The U.S. central bank is exploring a limited version of master accounts aimed at giving fintechs and crypto-related firms access to core payments infrastructure, seeking to balance financial innovation with systemic risk controls.
Master accounts are the gateway to critical Federal Reserve payment systems such as Fedwire and FedNow, enabling direct settlement and movement of funds without requiring correspondent banks. The newly proposed version would limit privileges typically associated with full master accounts — such as interest on reserves and access to central bank credit — while still allowing eligible non-bank institutions to use central payment rails for settlement activities. The accounts would include built-in risk controls, balance caps, and other safeguards to maintain the safety and soundness of the broader financial system.
The idea has been championed by Federal Reserve Governor Christopher Waller, who has publicly supported giving companies that are innovating in payment solutions — including stablecoin issuers and fintech platforms — more direct access to central bank infrastructure.

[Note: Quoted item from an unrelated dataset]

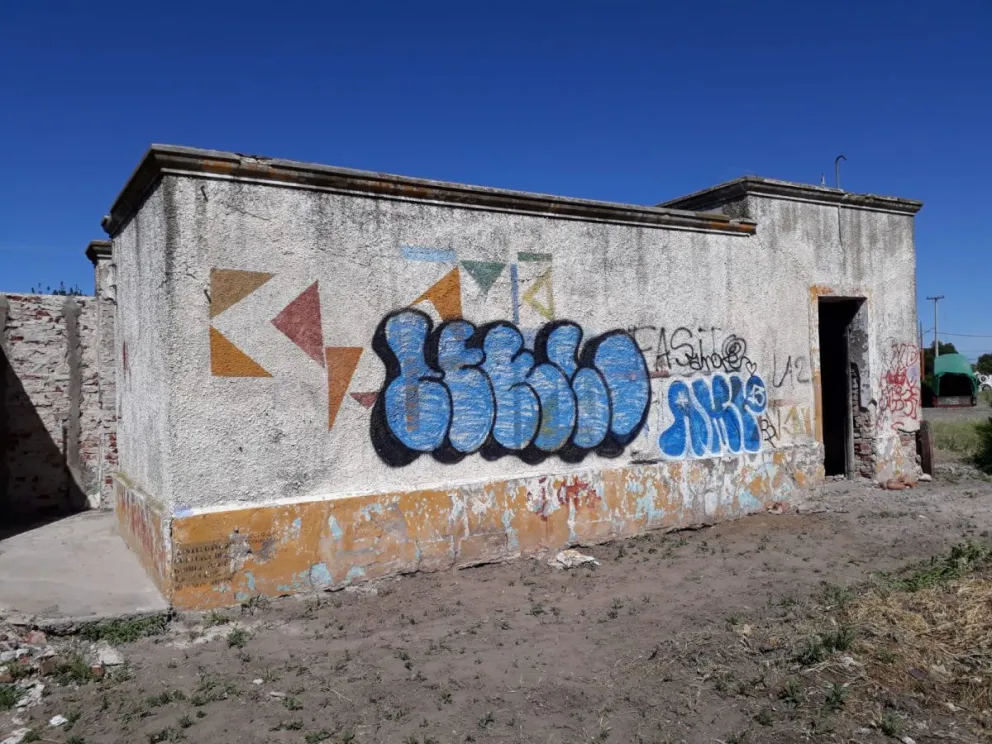 Trabajan para restaurar los viejos baños de la estación de trenes y ponerlos a disposición de los vecinos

By tailoring the level of access to the risk profile of such firms, the Fed aims to support payments innovation without compromising the integrity of its systems.
Governor Waller framed the concept as part of a broader shift: “This is a new era for the Federal Reserve in payments,” he said, noting that distributed ledgers and the decentralized finance sector are increasingly woven into payment systems. The Fed is seeking public feedback on the concept and expects an operational rollout by the fourth quarter of 2026.
A potential new pathway to access central bank payment systems
This move aligns with broader policy shifts by the Fed, which recently withdrew a restrictive 2023 guideline that had effectively barred many state-chartered banks from engaging in certain crypto-related activities. The rescission of that policy has opened the door for banks focused on digital assets to pursue access to central banking services on a case-by-case basis.
The ongoing discourse around master accounts reflects an evolving regulatory approach to integrating digital asset technologies into core financial infrastructure. Lawmakers, regulators and industry stakeholders are weighing how to extend necessary safeguards while fostering innovation — particularly as interest grows in stablecoin settlement, tokenized markets, and other blockchain-based financial services.